- Reign: c. 457
- Born: c. Late 4th century Yemen
- Died: c. 500–504
- 'Abd-Kulāl ibn Muthāwwīb al-Ḥimyarī
- Religion: Christianity (non-trinitarian)

= 'Abd-Kulal =

Regent and governor of Himyar (died c. 500)

Abd-Kulāl al-Ḥimyarī (عبد كلال الحميري), or simply Abdkulāl or Abd-kalal, was a governor of Himyar who lived in the 5th century CE. He was a convert to Nontrinitarianism, but kept his religious beliefs confidential. 'Abd-Kulal also held the power of regent rule temporarily during his time in office.

== Name ==
The historians attested his name as 'Abd-Kulāl ibn Muthāwwīb al-Ḥimyarī. The first part of his name is sometimes romanized as 'Abdkulāl or 'Abd-kalal. As for his epithet, he was said to have been from the Dhu Harith tribe, rendering his full name as 'Abd-Kulāl ibn Muthāwwīb Dhū Harīth al-Ḥimyarī. However, he has also been attributed to being from the tribe of Dhū Rūayn. Ibn Hisham narrates that he was named 'Abd-Kulal ibn Yanuf.

== Reign ==
After the death of Sharhabil Ya'fur, the royal power was unstable as all the Himyarite princes were too young to rule except for Sharhabil Yakkuf who was suffering from mental issues. 'Abd-Kulal took the royal power out of fear that it would be usurped by outsiders of non-royal lineage.

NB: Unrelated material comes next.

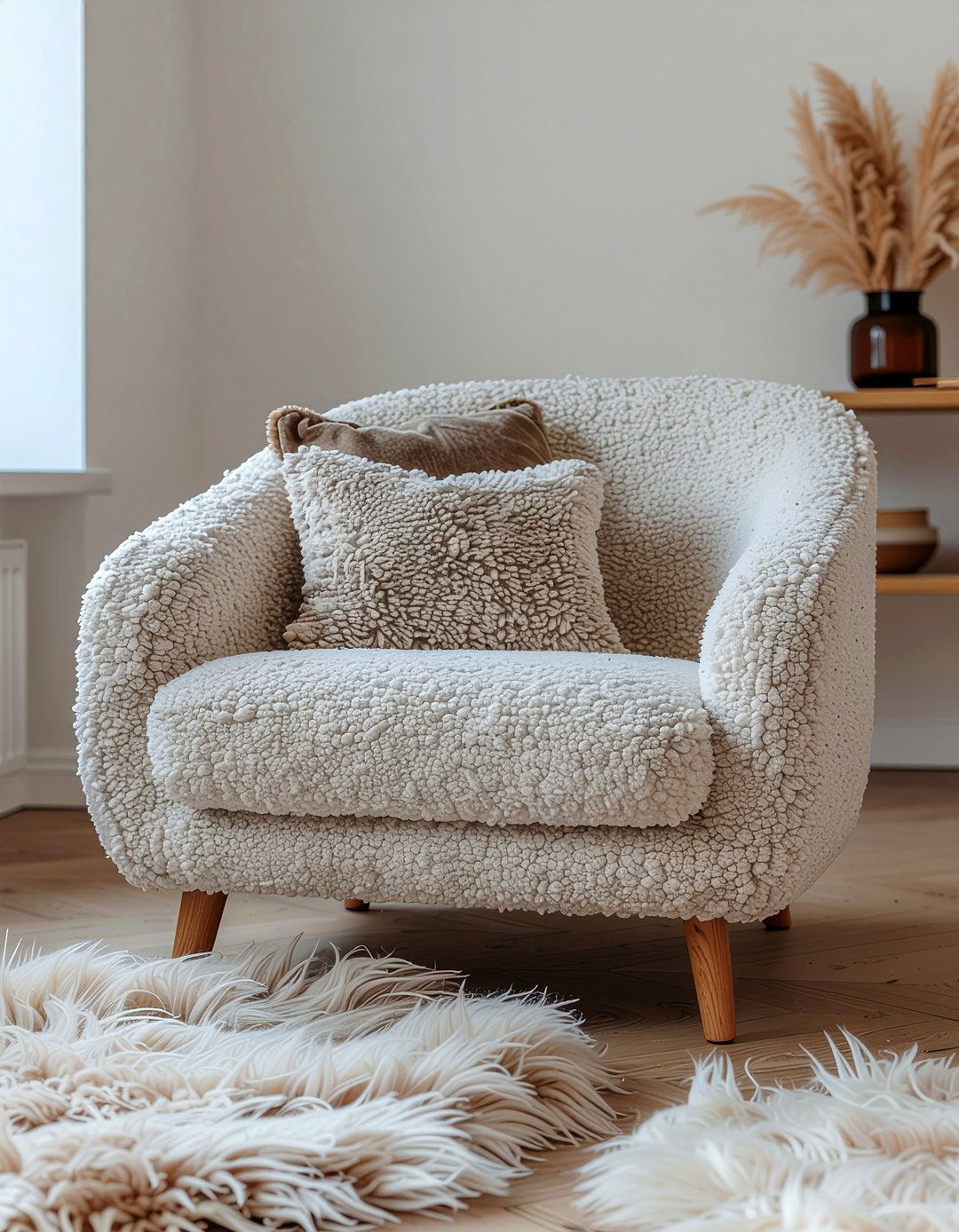 Cozy texture living room - 30 earthy living room ideas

His reign was generally a peaceful one, and he was not fond of leading invasions and conquests.

'Abd-Kulal also built a residence for himself and his wife around the year 463 CE, which is attested in archaeological inscriptions dating to approximately that year.

== Family ==
Based on the inscriptions, 'Abd-Kulal had two sons named Hanim and Ha'll (attested in inscriptions as Hn'm and Hʿll). The first Christian ruler of Himyar, Marthad'ilan Yanuf is also identified as being one of his sons, with the full name Marthad ibn 'Abd-Kulal al-Himyari.

== Religion ==
In the inscriptions, 'Abd-Kulal can be seen praising the god Rahmanan, which shows he believed in a form of monotheism. Muslim historians like al-Tabari and Jawad Ali stated that 'Abd-Kulal was a convert to a form of non-trinitarian Christianity. He concealed his faith; Tabari states that it was because his teacher had been killed for being a Christian while Said al-Andalusi narrates that it was to prevent Yemen from being invaded by Shapur II, who had raided some Byzantine cities out of hatred for Christianity.